The Glorious Revolution I; the Revolution settlement

The Convention assembled on 22 January 1689 in an atmosphere of intense debate, but with an urgent need to produce some sort of agreement. When it met it was clear that the Whigs had made an astonishing recovery from the disasters of 1685 and that they commanded a majority of almost 90. They therefore held the initiative on the succession issue.

The problem was how to reach that option and retain a show of legality. James, now in France still claimed to be king, but in spite of this the Commons decided that he had abdicated, leaving the throne vacant. The Whig peer, Somers stated: ‘the King’s going to a foreign Power and casing himself into his hands, absolves the People from their Allegiance’.

But if the throne was vacant, by what authority was it to be filled? These were in the main conservative revolutionaries who did not wish to be seen to undermine monarchy or hereditary succession. Most still wished to assert that the monarch was chosen by God rather than parliament. The Lords in particular wished to avoid any hint that the monarchy might be elective and were unhappy with the belief that James had abdicated (especially as he denied it!). On 31 January the Lords voted (52/47) against offering the Crown to William and Mary, but this was rejected by the Commons and on 3 February William issued a statement that he would be neither regent nor prince. At the same time Anne indicated that she was willing to allow William to take precedence of her in the succession. (She was fifteen years younger than William and the mother of a young son.) With the three royals closing ranks and with London guarded by Dutch troops, the peers and commons of the Convention had little difficulty deciding the succession. The solitary realizable option was the joint rule of William and Mary (though with William predominant).

On 6 February The Lords reluctantly accepted the Commons’ position and on 13 February, the day after Mary’s landing, William and Mary went to the Banqueting House where they were offered the Crown.

On 11 April William and Mary were crowned at Westminster by Compton, bishop of London. The absence of Sancroft – one of the 400 clergy who refused to take the oath of allegiance - demonstrated the magnitude of the divisions that still existed. He and other non-jurors recognized what the Convention had denied: that
‘the line of male primogeniture had been broken and the new monarch’s authority rested briefly upon military might and more permanently upon the wishes of the majority of the political elite expressed through a legislature with a dubious claim to legitimacy. To that extent the Crown had indeed been made elective (Hoppit, 2000, 22-3).’
This left both Whigs and Tories very vulnerable. The Tories were uncomfortable with the overturning of the succession; in particular Anne’s acceptance that William should take precedence of her seemed a clear indication that the monarchy was elective. The Tories were instrumental in ensuring that the oath of loyalty to William and Mary drafted in 1689 did not describe them as ‘rightful and lawful’. Even so many who took the oath only went along with it ‘after much mental torture’. (The words ‘rightful and lawful’ were only inserted after the failed Jacobite plot of 1696.) In Anne’s reign their ambiguous attitude to the succession was to secure their collapse.

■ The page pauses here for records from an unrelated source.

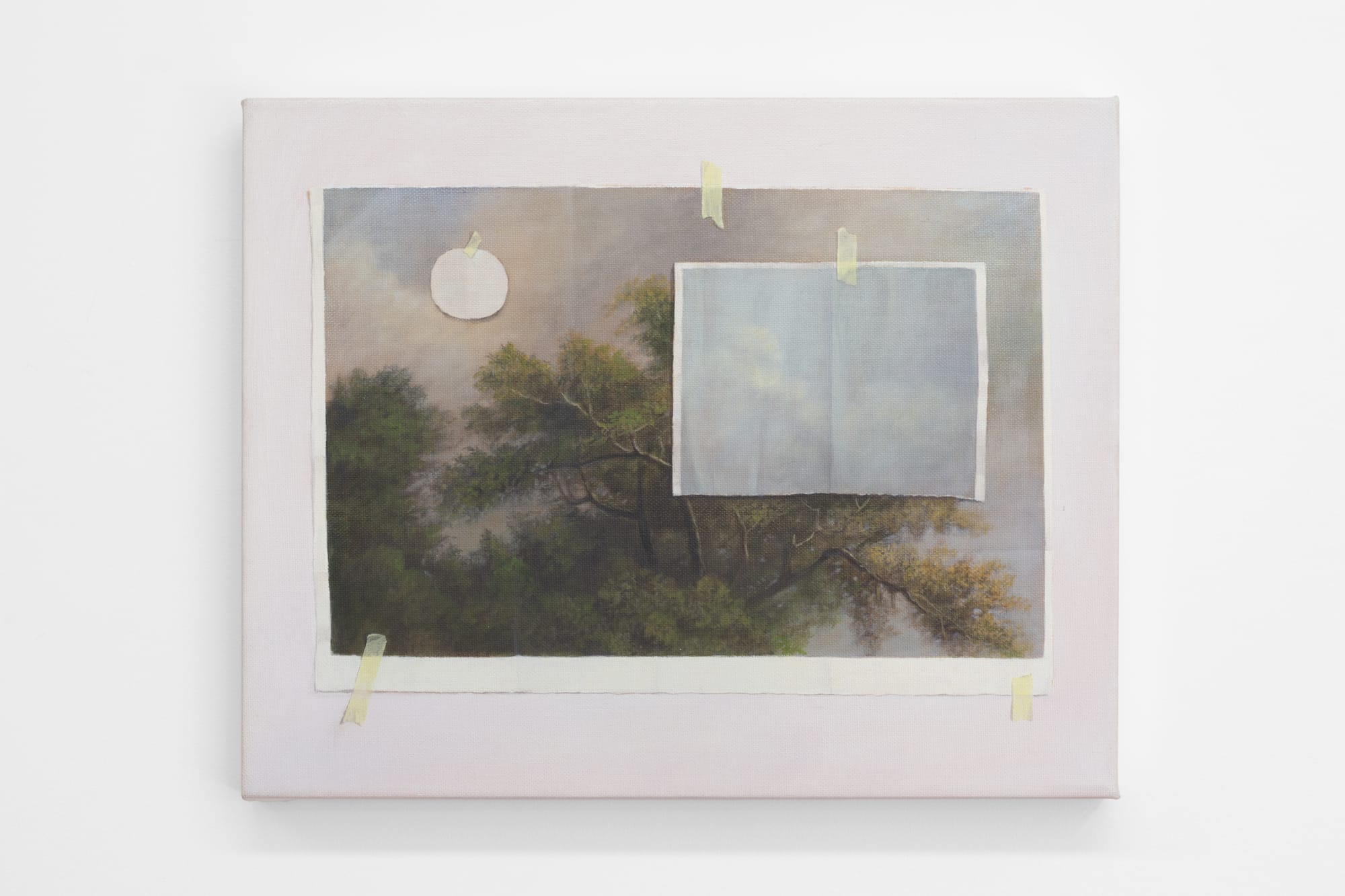 Emily Wolfe, Elevation, 2022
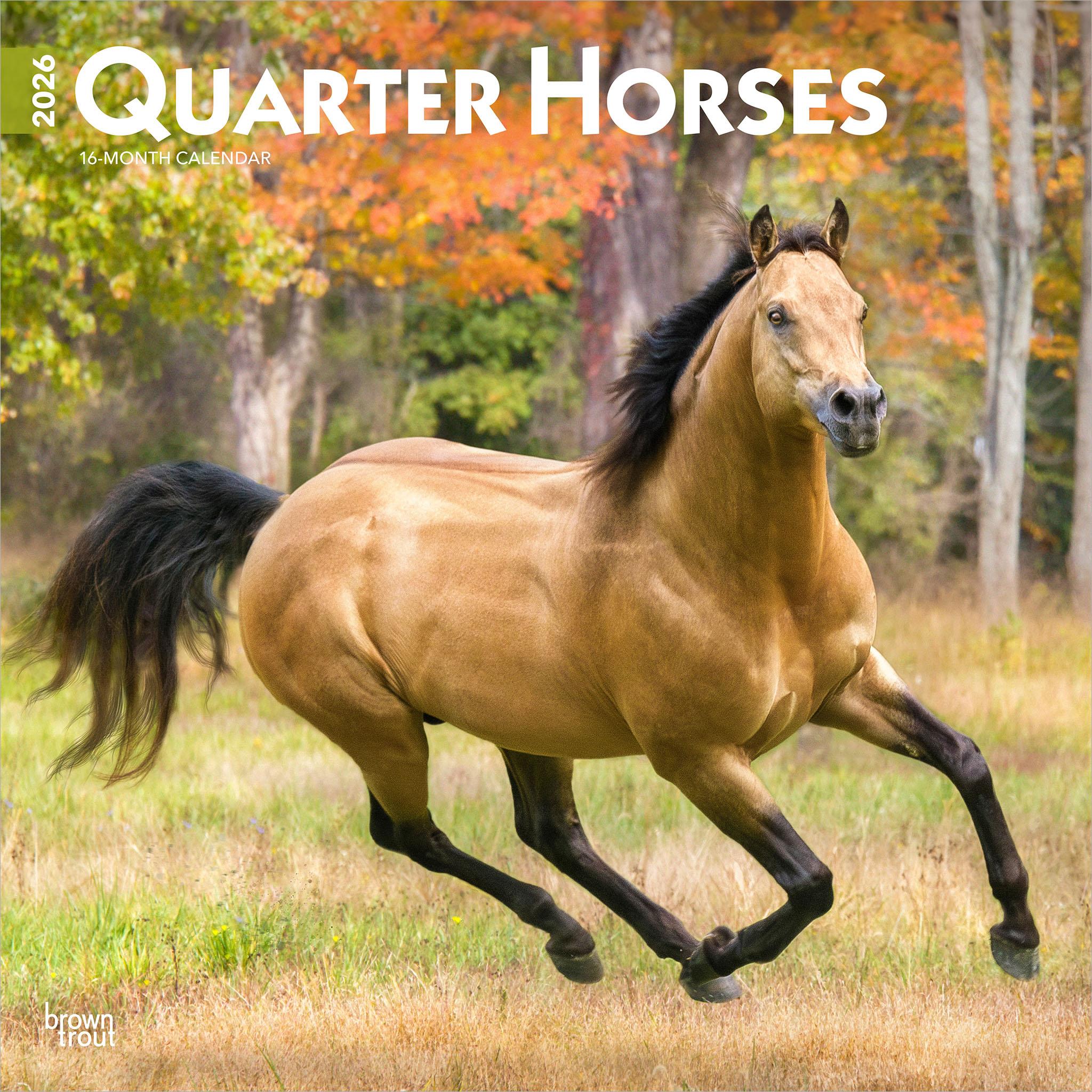 Calendrier mural Quarter Horses 2026 - Disponible uniquement en ligne
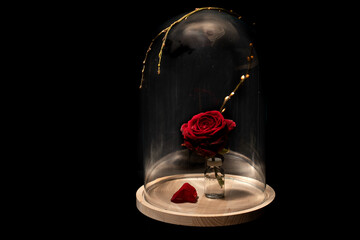 fairytale red rose in glass dome with fallen petal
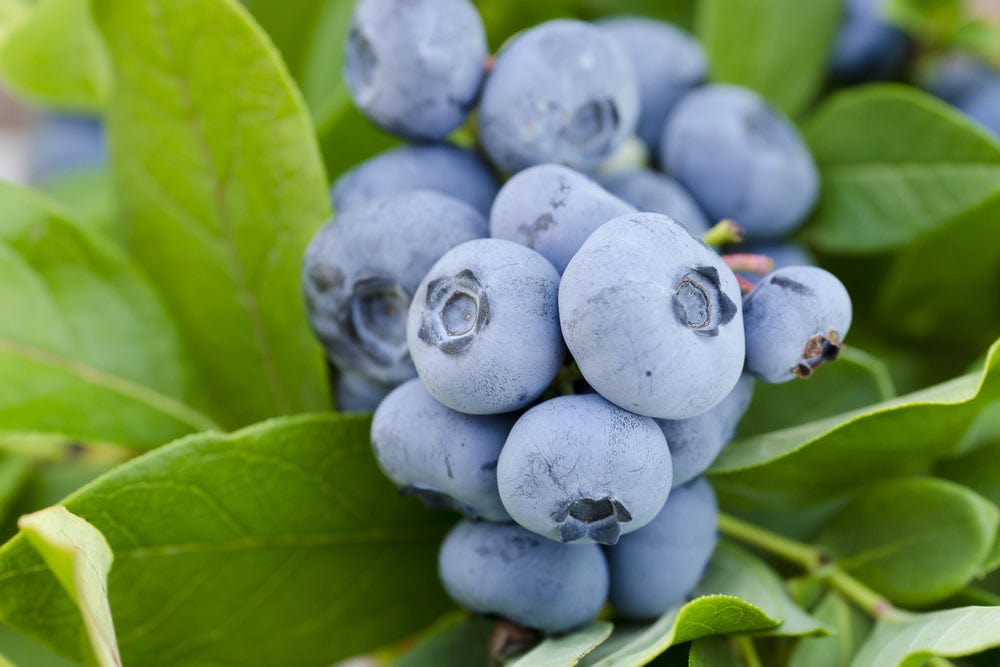 Alpha Takes The Cake™ Blueberry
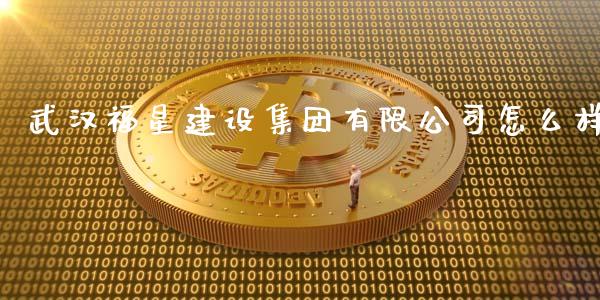 武汉福星建设集团有限公司怎么样_https://m.qdlswl.com_恒指在线直播间_第1张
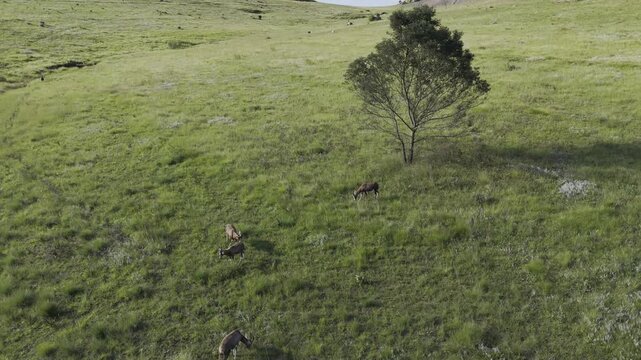 Drone slowly lowers over four springbok playing under a lone tree in a large grassy field on late afternoon at Sibebe Rock near Mbabane, Eswatini
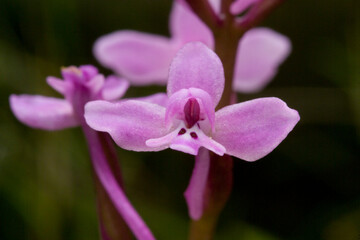 Obraz premium Orchid, Branciforti's Orchid (Orchis brancifortii) flowerspikes, Oliena, Nuoro, Sardinia, Italy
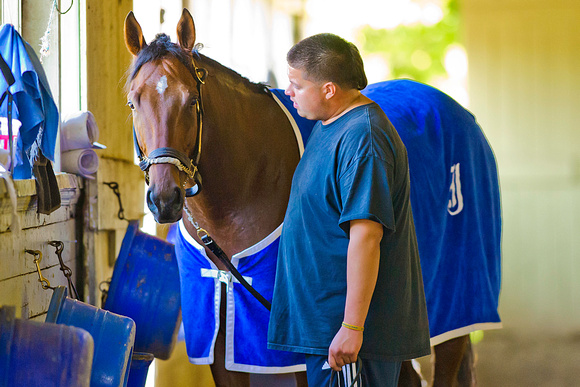 Belmont Stakes 146 contender Wicked Strong walks shedrow with his groom Francisco Ugarte at Belmont Park in New York.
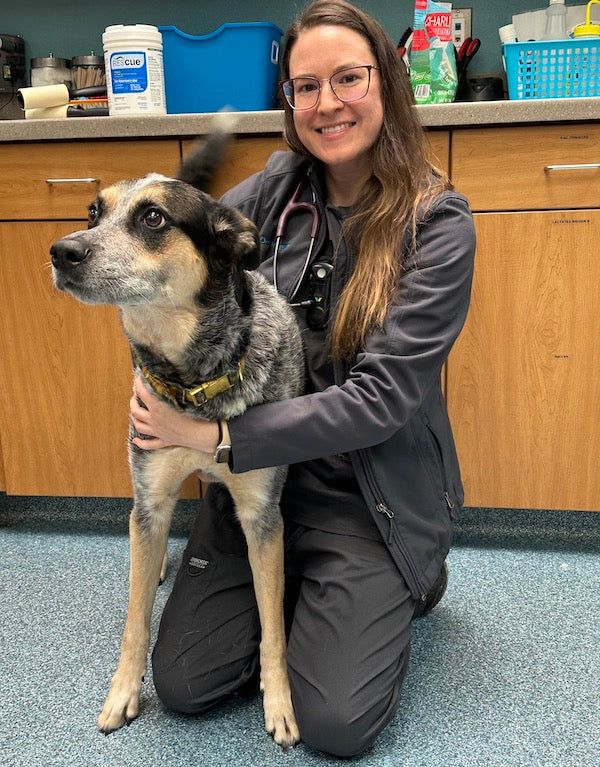 Emergency veterinarian Nicolette Meredith has been making a difference in the lives of pets and their parents for almost a decade. She loves her clients and her furry companion, Finn.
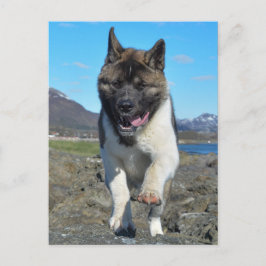 Akita Postkarte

But the Whigs also had problems. Their association with the doctrines of contract and resistance could be used to smear them as closet republicans – a charge the great majority denied. In reality the Revolution was not a triumph for the radical Whig ideology of John Locke, but a pragmatic compromise. Most Whigs did not see the situation as creating a precedent.

In July Anne gave birth to an apparently healthy son, William duke of Gloucester. This seemed a providential endorsement of the Revolution.